======== EXTRACTED RECORDS ========
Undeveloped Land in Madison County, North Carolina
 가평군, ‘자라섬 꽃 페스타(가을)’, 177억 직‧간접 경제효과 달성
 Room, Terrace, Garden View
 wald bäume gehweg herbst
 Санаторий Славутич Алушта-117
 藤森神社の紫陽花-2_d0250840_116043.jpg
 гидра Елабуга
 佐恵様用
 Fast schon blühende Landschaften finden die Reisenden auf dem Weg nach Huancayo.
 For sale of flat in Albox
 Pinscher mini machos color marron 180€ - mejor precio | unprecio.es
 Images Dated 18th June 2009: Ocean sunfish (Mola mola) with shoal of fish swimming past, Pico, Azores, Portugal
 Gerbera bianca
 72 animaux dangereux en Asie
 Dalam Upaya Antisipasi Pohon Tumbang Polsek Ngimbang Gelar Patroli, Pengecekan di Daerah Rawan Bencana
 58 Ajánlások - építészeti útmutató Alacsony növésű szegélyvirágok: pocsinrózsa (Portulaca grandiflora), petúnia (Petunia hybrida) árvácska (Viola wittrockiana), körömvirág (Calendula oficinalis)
========
EXERCISE BRIEF
Every record is to be retyped exactly as given.

YOUR RESPONSE
Undeveloped Land in Madison County, North Carolina
 가평군, ‘자라섬 꽃 페스타(가을)’, 177억 직‧간접 경제효과 달성
 Room, Terrace, Garden View
 wald bäume gehweg herbst
 Санаторий Славутич Алушта-117
 藤森神社の紫陽花-2_d0250840_116043.jpg
 гидра Елабуга
 佐恵様用
 Fast schon blühende Landschaften finden die Reisenden auf dem Weg nach Huancayo.
 For sale of flat in Albox
 Pinscher mini machos color marron 180€ - mejor precio | unprecio.es
 Images Dated 18th June 2009: Ocean sunfish (Mola mola) with shoal of fish swimming past, Pico, Azores, Portugal
 Gerbera bianca
 72 animaux dangereux en Asie
 Dalam Upaya Antisipasi Pohon Tumbang Polsek Ngimbang Gelar Patroli, Pengecekan di Daerah Rawan Bencana
 58 Ajánlások - építészeti útmutató Alacsony növésű szegélyvirágok: pocsinrózsa (Portulaca grandiflora), petúnia (Petunia hybrida) árvácska (Viola wittrockiana), körömvirág (Calendula oficinalis)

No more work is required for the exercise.